WHAT THE EXERCISE ASKS
Output exactly, and only, the lines below from the one with "Chirurgia Computer Guidata Arcata superiore" down to the one with "Malocclusione dentale: perché". Include both end lines and no pictures.

INPUT
[Start of section]

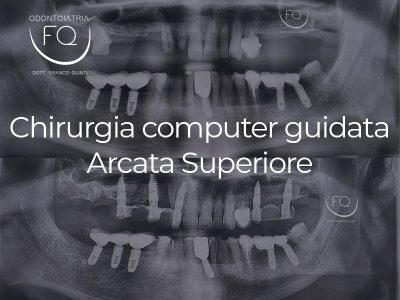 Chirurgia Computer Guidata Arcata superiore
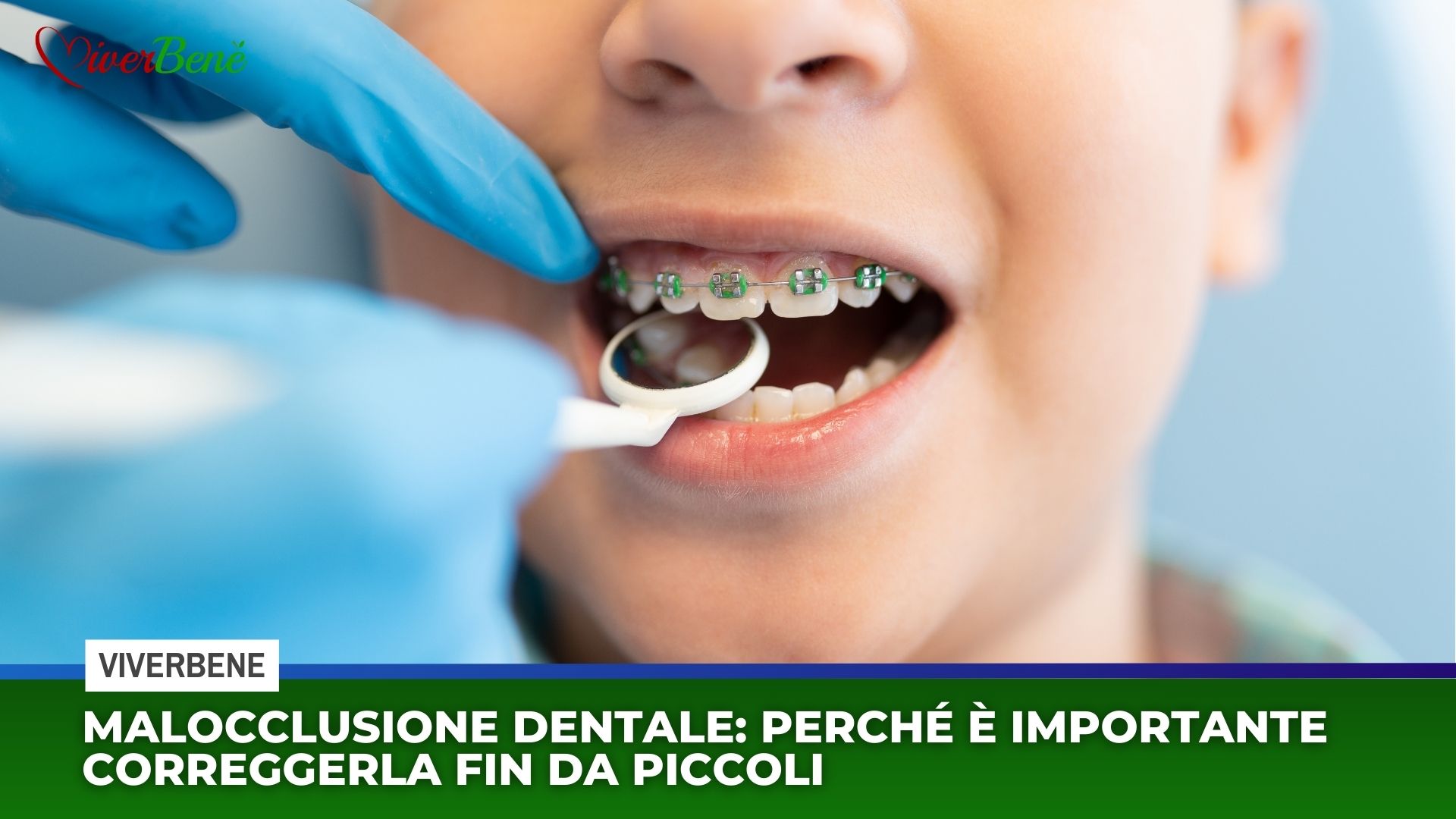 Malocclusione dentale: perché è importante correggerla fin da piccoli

[End of section]
[Start of section]

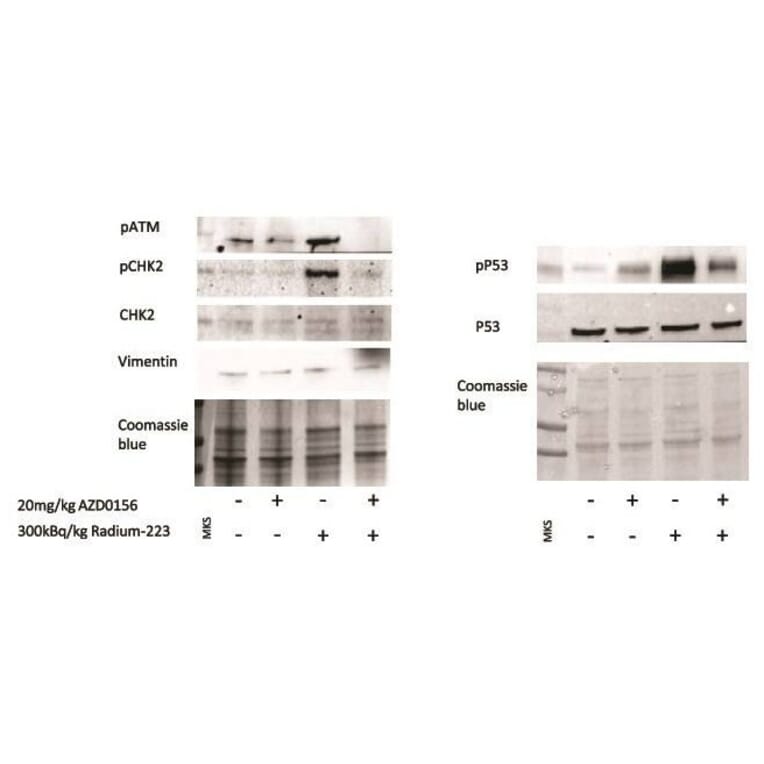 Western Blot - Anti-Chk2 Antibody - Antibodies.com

[End of section]
[Start of section]

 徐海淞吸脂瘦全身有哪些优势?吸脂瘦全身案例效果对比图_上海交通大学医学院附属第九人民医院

[End of section]

RESPONSE TO THIS EXERCISE
 Chirurgia Computer Guidata Arcata superiore
 Malocclusione dentale: perché è importante correggerla fin da piccoli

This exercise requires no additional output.